Figure 6. IL-6 increases IGF1 expression in MVNP-expressing OCLs.

(A) OCLs formed by CD11b⁺ cells from 8-month-old WT, MVNP, and p62-KI mice were treated with IL-6 (10 ng/ml) for 4 days and cell lysates analyzed for IGF1 expression. (B) OCLs from normal human OCL precursors transduced with EV or MVNP retroviral constructs were treated with IL-6 (10 ng/ml) for 4 days and assayed for IGF1 expression. Results shown in B are derived from the same gel shown in Figure 4E. (C) IGF1 expression by OCLs formed by CD11b⁺ cells from 8-month-old mice. The basal ratio of every molecule/loading control for vehicle treatment of WT cells was set at 1.0 in A–C. Results are representative of 3 biological replicates.

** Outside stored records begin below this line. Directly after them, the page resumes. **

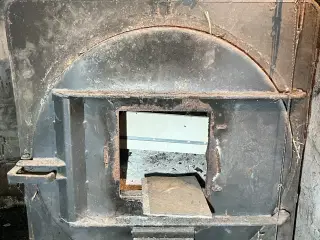 Passat brænde/halmfyr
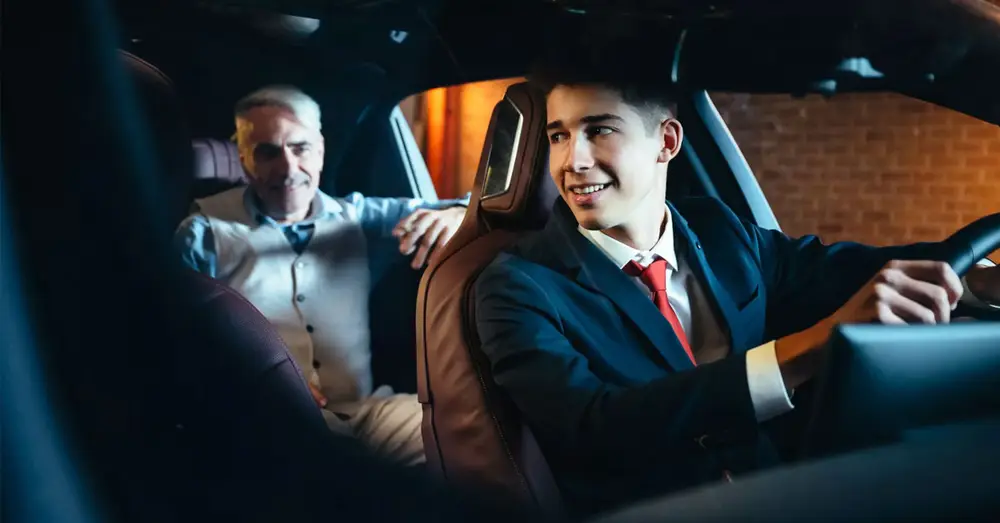 Get Driven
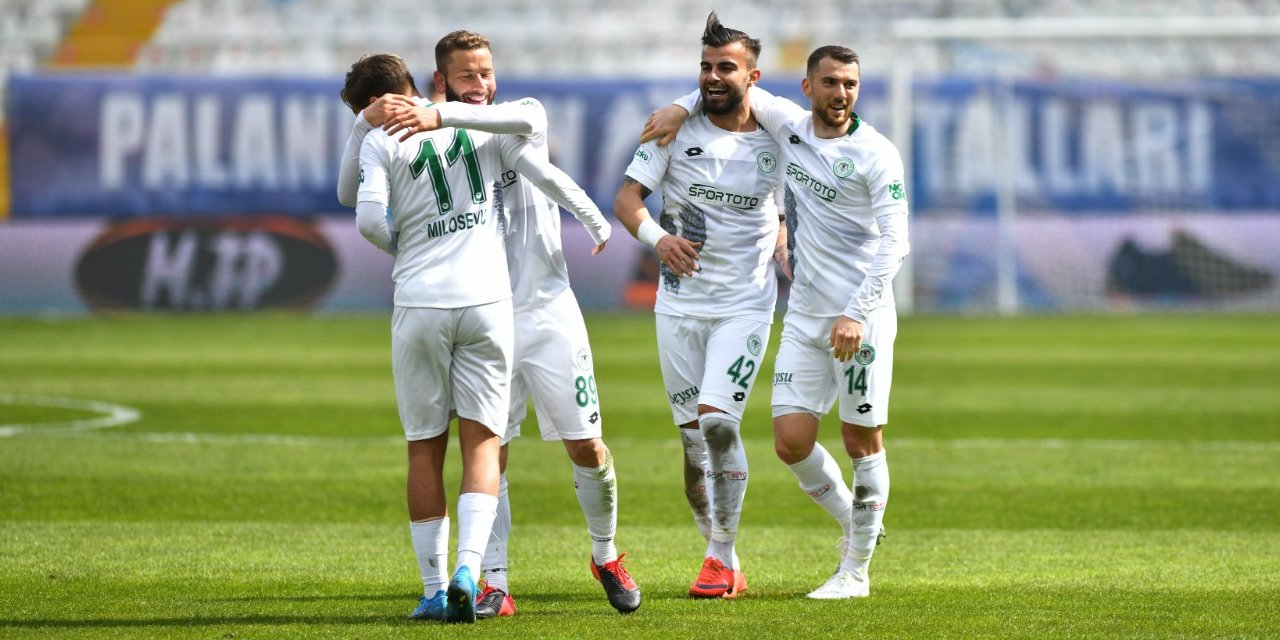Rize'de 6 puanlık maç! Konyaspor 3 haftalık galibiyet hasretini dindirmek istiyor
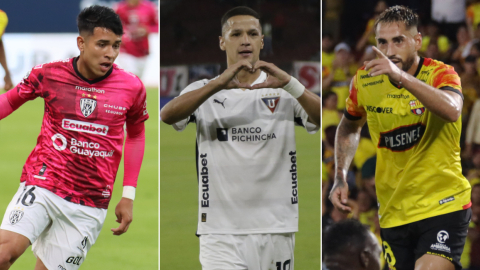 Independiente del Valle, Liga de Quito y Barcelona SC tienen posibilidades de clasificar al Mundial de Clubes 2025.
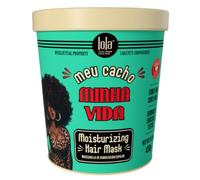 Lola Cosmetics Masque capillaire hydratant Meu Cacho Minha Vida – 450 g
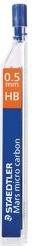 Nutritional values and ingredients Staedtler Mars Micro (Gel mine, Black, 0.50 mm)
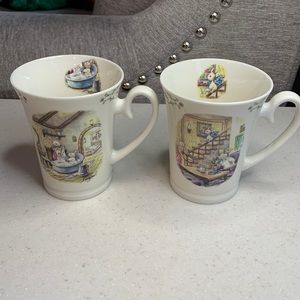 Peter Rabbit Coffee Mugs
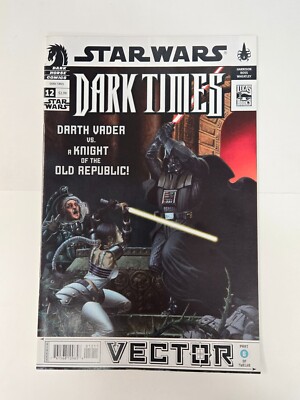 STAR WARS REPUBLIC #95 VECTORS #6 OF 12 NEAR MINT UNREAD COPY DARK HORSE 2008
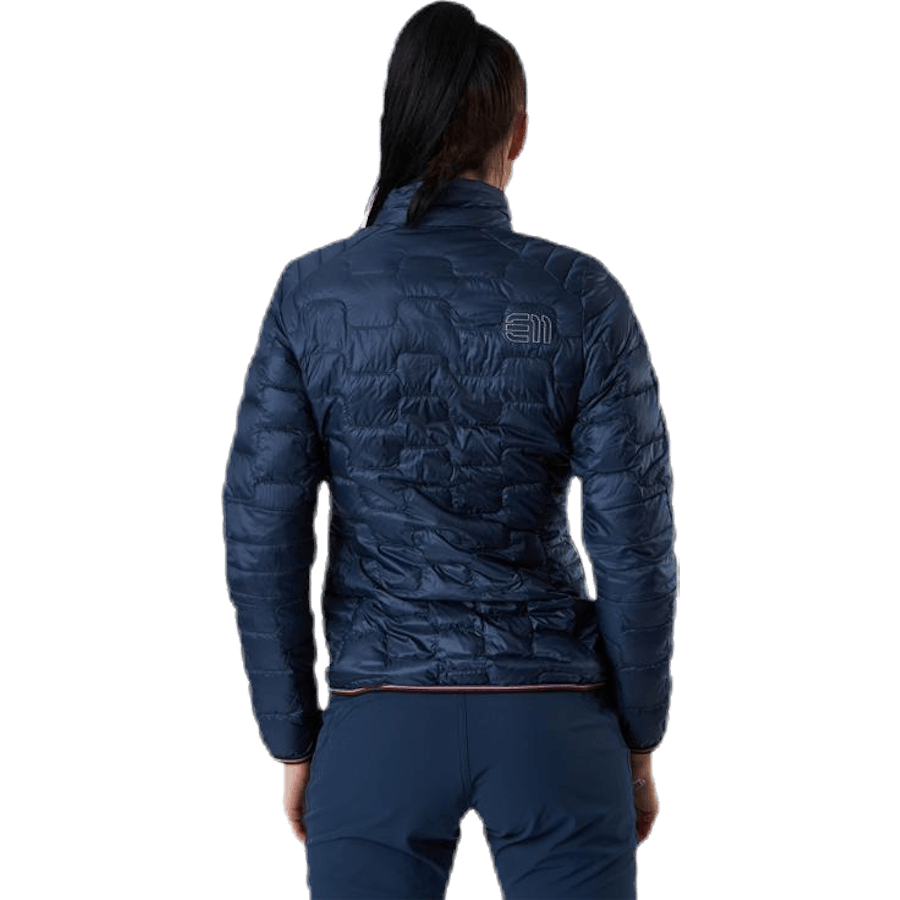 Motion Jacket  Blue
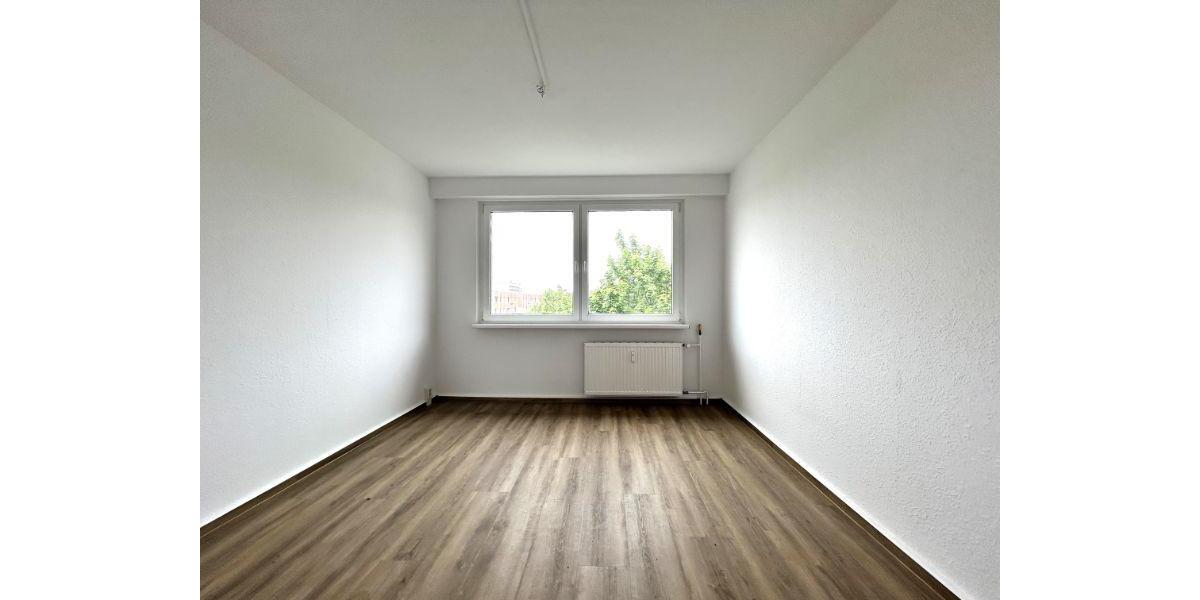 Etagenwohnung Schwerin Gartenstadt - 2 Zimmer, 47 m&sup2;, 308&euro; | Angebot:26676785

Figure 7. EphB4 and OCN expression in OBs cocultured with OCLs from WT or MVNP mice.

(A) OCLs (2.5 × 10⁴/well) derived from MVNP or WT OCL precursors were cultured overnight with 50 ng/ml RANKL. OBs (1 × 10⁵/well), then plated on top of the OCLs and the cells cocultured for 72 hours. Lysates were tested for EphB4 and OCN expression. Data represent the mean ± SD for 3 biological replicates. *P < 0.01 compared with cocultures with WT OCLs using a 2-tailed, unpaired Student’s t test. (B) OCLs formed by WT or MVNP OCL precursors were prepared and cocultured with OBs for 72 hours as described in Figure 5A in the presence of anti-IGF1 (10 ng/ml), anti-IGF1R (0.5 μg/ml), or rabbit IgG (20 ng/ml), then assayed for OCN expression. The relative ratios of OCN/GAPDH were measured by ImageJ software. Data represent the mean ± SD for 3 biological replicates. *P < 0.01 compared with cultures with control IgG using a 2-tailed, unpaired Student’s t test. (C) OCLs formed by MVNP OCL precursors were cocultured with OBs for 72 hours (as described in Figure 5A) with anti–IL-6 (0.5 μg/ml), anti–IL-6R (0.5 μg/ml), or EphB4-Fc (5 μg/ml), then assayed for OCN expression. The relative ratios of OCN/GAPDH were measured by ImageJ software. Data are from a representative experiment of 2 biological replicates. (D) Model of OCL-OB coupling in PD: MVNP induces high IL-6 expression in OCLs, which increases expression of IGF1 and ephrinB2 in OCLs and EphB4 on OBs to enhance coupling. IGF1 enhances ephrinB2 expression on OCLs and increases Runx2 and OCN levels in OBs to increase bone formation.